## PROBLEM
An exact reproduction is needed of every line from the beginning of the data down to and including the line that contains "exterior space with a lanai and a patio", minus the pictures.
# # # #
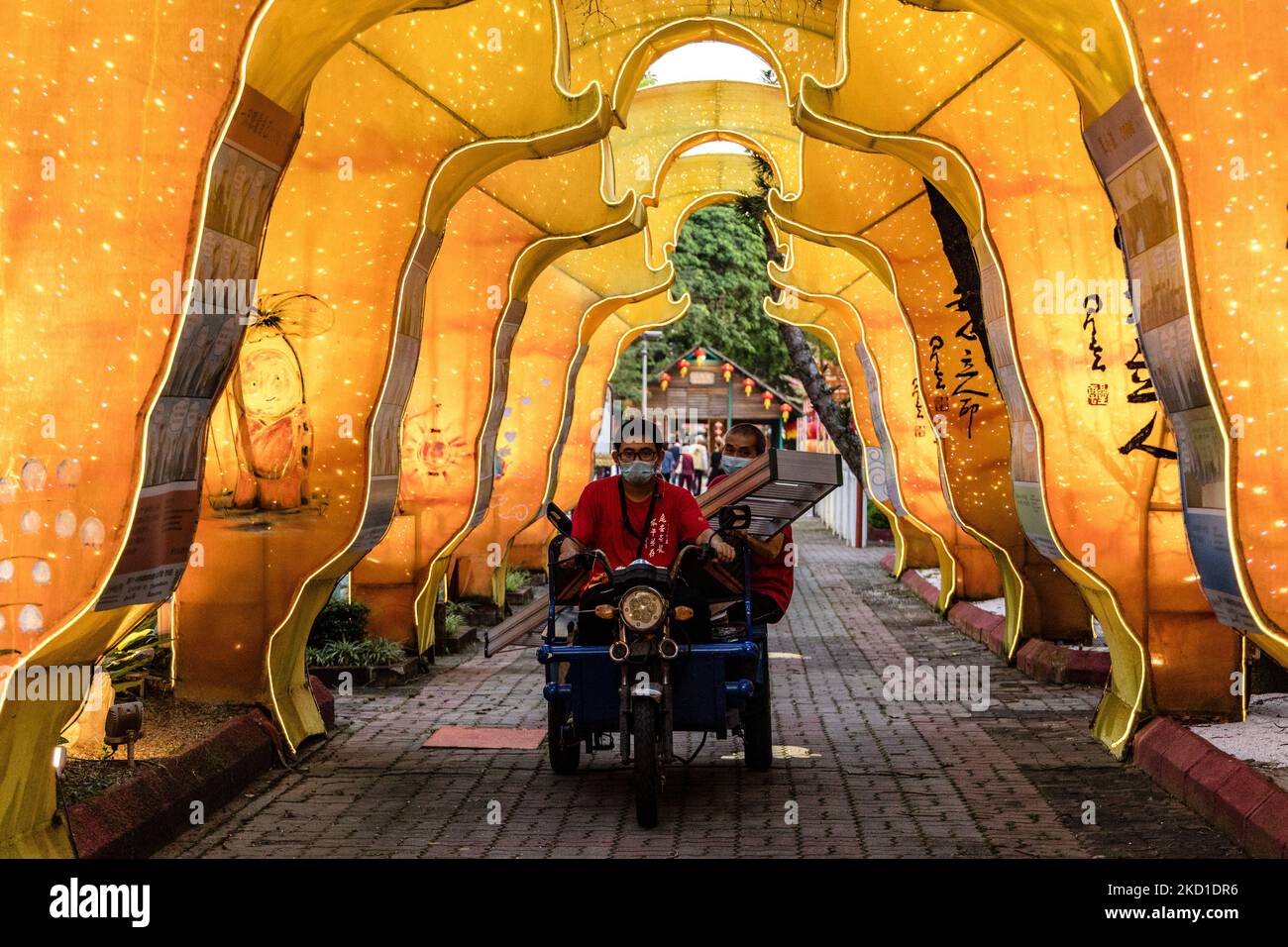 Workers ride through the Chinese New Year decorations at the Fo Guang Shan Dong Zen Temple ahead of the upcoming Lunar New Year of the Tiger on January 28, 2022 in Jenjarom outside Kuala Lumpur, Malaysia. (Photo by Mohd Firdaus/NurPhoto) Stock Photo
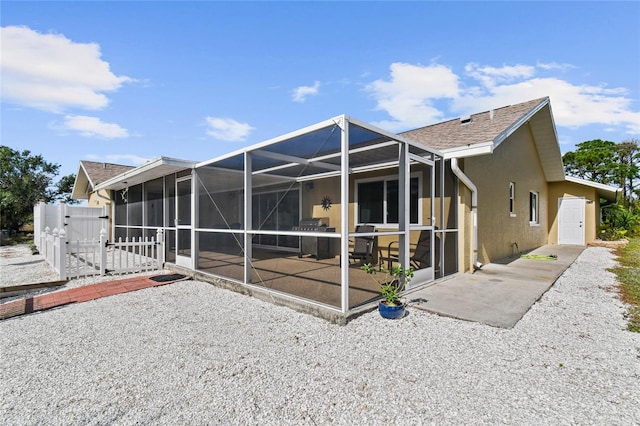 exterior space with a lanai and a patio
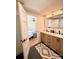 Bright en-suite bath with double vanity, sleek fixtures, and access to the bedroom at 3317 Sargeant Dr, Charlotte, NC 28217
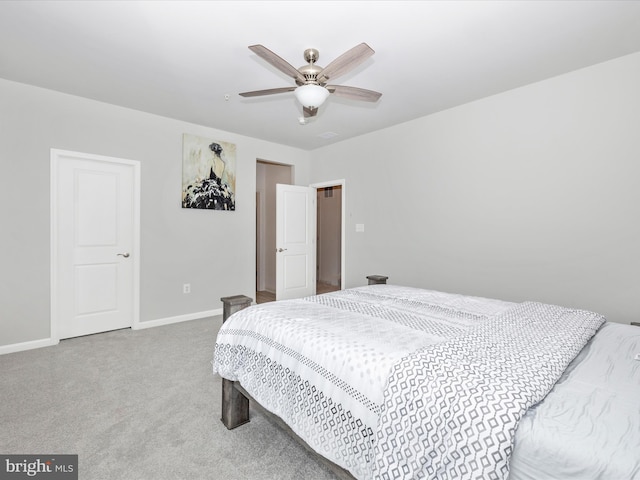 bedroom with baseboards, a ceiling fan, and carpet flooring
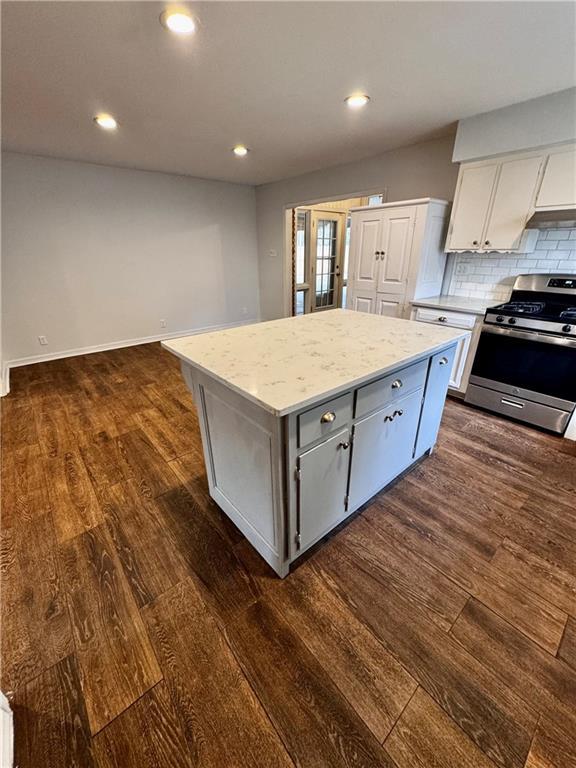 kitchen featuring dark wood-type flooring, backsplash, stainless steel gas range oven, light stone countertops, and a kitchen island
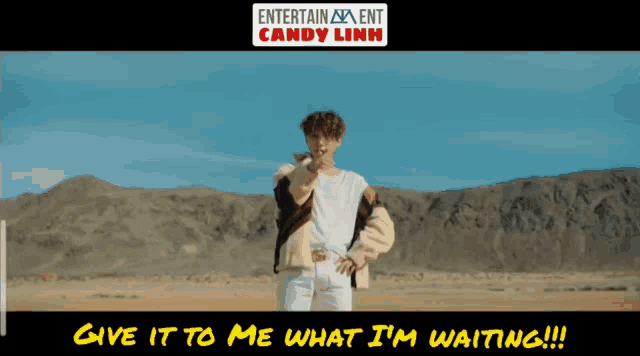a man standing in the desert with the words give it to me what i 'm waiting on the bottom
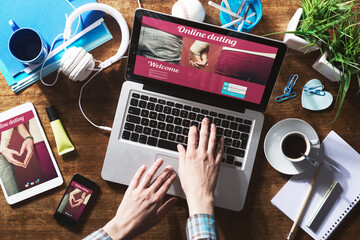 Online dating website on a laptop display, hardwood desktop and stationery on background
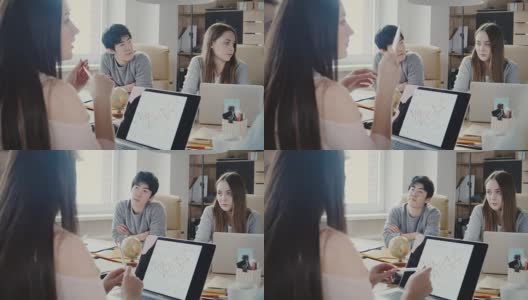 一个严肃的亚洲年轻人和一个白人女孩坐在办公室会议桌旁。混血商人讨论4K高清在线视频素材下载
# # # #
## SOLUTION TO THIS EXERCISE
 Workers ride through the Chinese New Year decorations at the Fo Guang Shan Dong Zen Temple ahead of the upcoming Lunar New Year of the Tiger on January 28, 2022 in Jenjarom outside Kuala Lumpur, Malaysia. (Photo by Mohd Firdaus/NurPhoto) Stock Photo
 exterior space with a lanai and a patio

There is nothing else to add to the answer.